Infection prevention and control
The practice assessed and managed the risk of infection. They detected and controlled the risk of it spreading and shared concerns with appropriate agencies promptly.
Feedback we received from people was positive in respect of the cleanliness of the environment. Staff told us they had no concerns regarding infection, prevention and control (IPC) and told us about the effective systems in place for dealing with specimens and spilt bodily fluids.
During our on-site visit, we observed the practice to be clean and tidy. Cleaning schedules were in place and arrangements to effectively resolve any issues with the external cleaning company. We found actions identified from an internal IPC audit had been completed. An external IPC audit completed in February 2025 had an overall score of 96% compliance. The IPC lead told us the findings would be reviewed and an action plan agreed.
Policies and guidance was available for staff and all staff had completed training relevant to their role. The practice had a designated IPC lead who had protected time to undertake their role. There was oversight of the vaccination status of staff and risk assessments had been completed where appropriate.
Medicines optimisation
The practice did not always make sure that medicines and treatments were safe and met people’s needs. We had positive feedback regarding medicines reviews and some negative feedback regarding repeat prescriptions.

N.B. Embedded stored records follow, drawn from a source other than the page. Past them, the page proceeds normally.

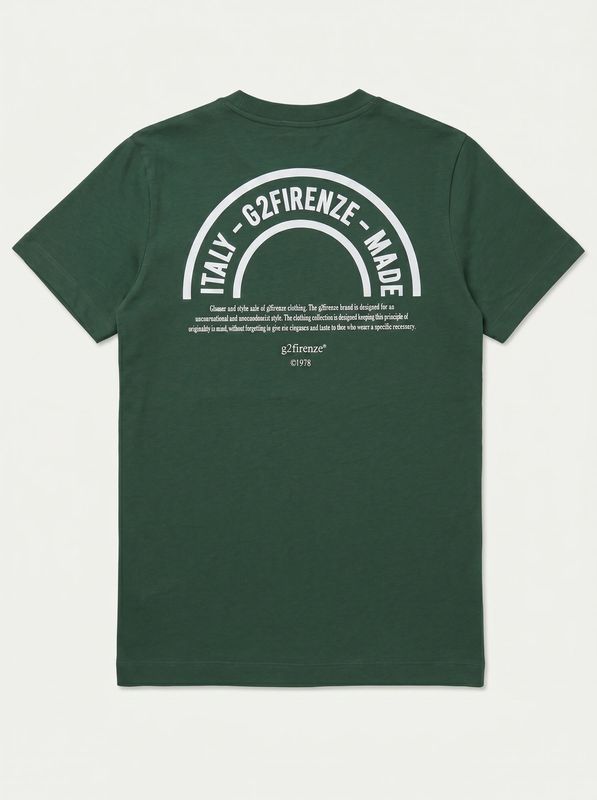 2. T-shirt logata Verde G2 Firenze kreis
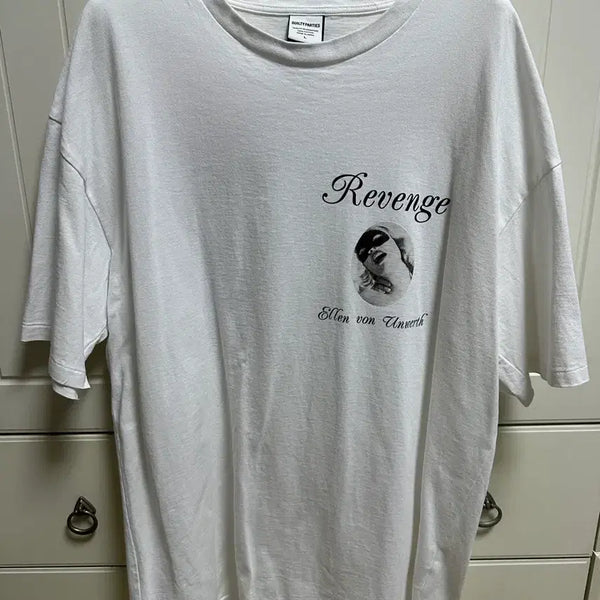 [BUNJANG] Wacko Maria Ellen von Unwerth Short Sleeve T-Shirt / 와코마리아 엘렌 폰 운베르트 반팔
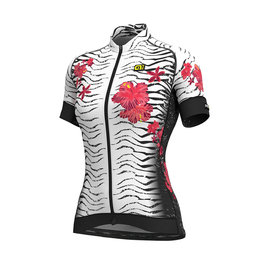 ALÉ Cycling short sleeve jersey - SAVANA LADY - white/pink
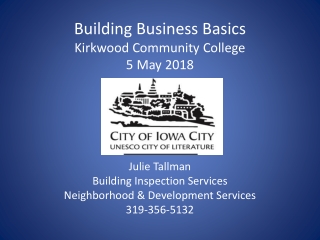 Building Business Basics Kirkwood Community College 5 May 2018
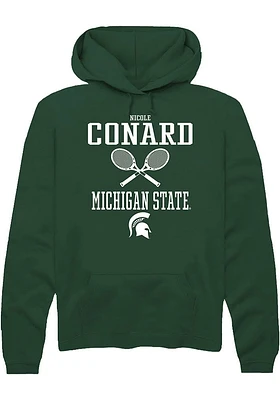 Nicole Conard  Rally Michigan State Spartans Mens Green NIL Sport Icon Long Sleeve Hoodie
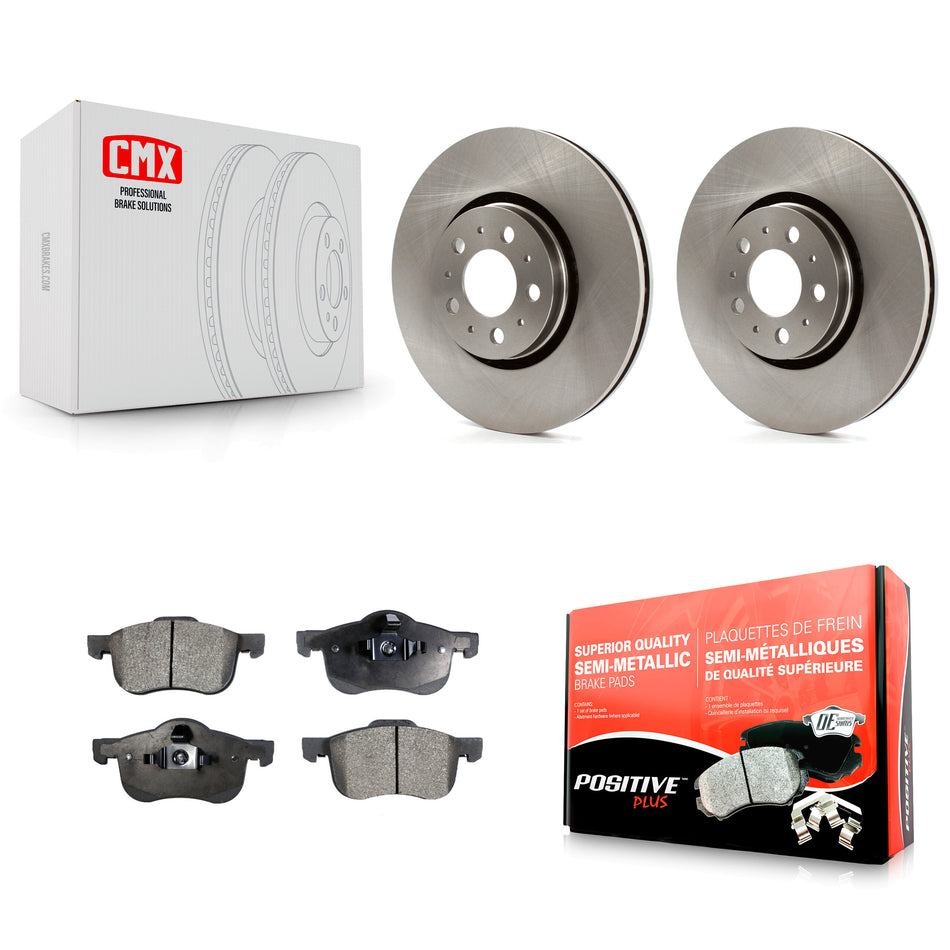Front Disc Brake Rotors And Semi-Metallic Pads Kit For 2008 Volvo S60 With 316mm Diameter Rotor K8F-100403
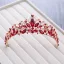 Piękne Czerwone Rhinestone Tiara 2018 Metal Akcesoria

Although improvements had been made to safety alert management and linking medicines to a diagnosis, our clinical searches showed the practice did not evidence that all people had a structured, comprehensive medicines review. The coding information used on the system was misleading and used inconsistently and resulted in people’s medicines not all being reviewed. 13 out of 322 people prescribed over 10 medicines had no medication review in the last 18 months. Of 5 people sampled, 1 had received a review. By the site visit date, 4 other people had been reviewed. 123 people were prescribed gabapentinoids had not been reviewed in the last 12 months. We sampled 5 people and at the site visit found action had been taken to review these people. The practice prescribing data for pregabalin or gabapentin was above the England average. The practice submitted a plan in response with some actions already completed.
However, there was an effective process for monitoring people’s health in relation to the use of medicines that require monitoring for example, methotrexate and azathioprine. Our clinical searches found appropriate monitoring and clinical review prior to prescribing the medicines for all people taking these medicines.
The provider did not have an effective system for the secure management and control of prescription stationery. Following the site visit, the provider submitted some assurance, however we were not fully assured their new process would ensure the security of all prescription stationery. We found medicines were stored securely. The stock and expiry dates of all medicines were regularly checked and stored safely. Controlled drugs were held on site; the provider said they would no longer hold controlled drugs and had arranged to destroy them.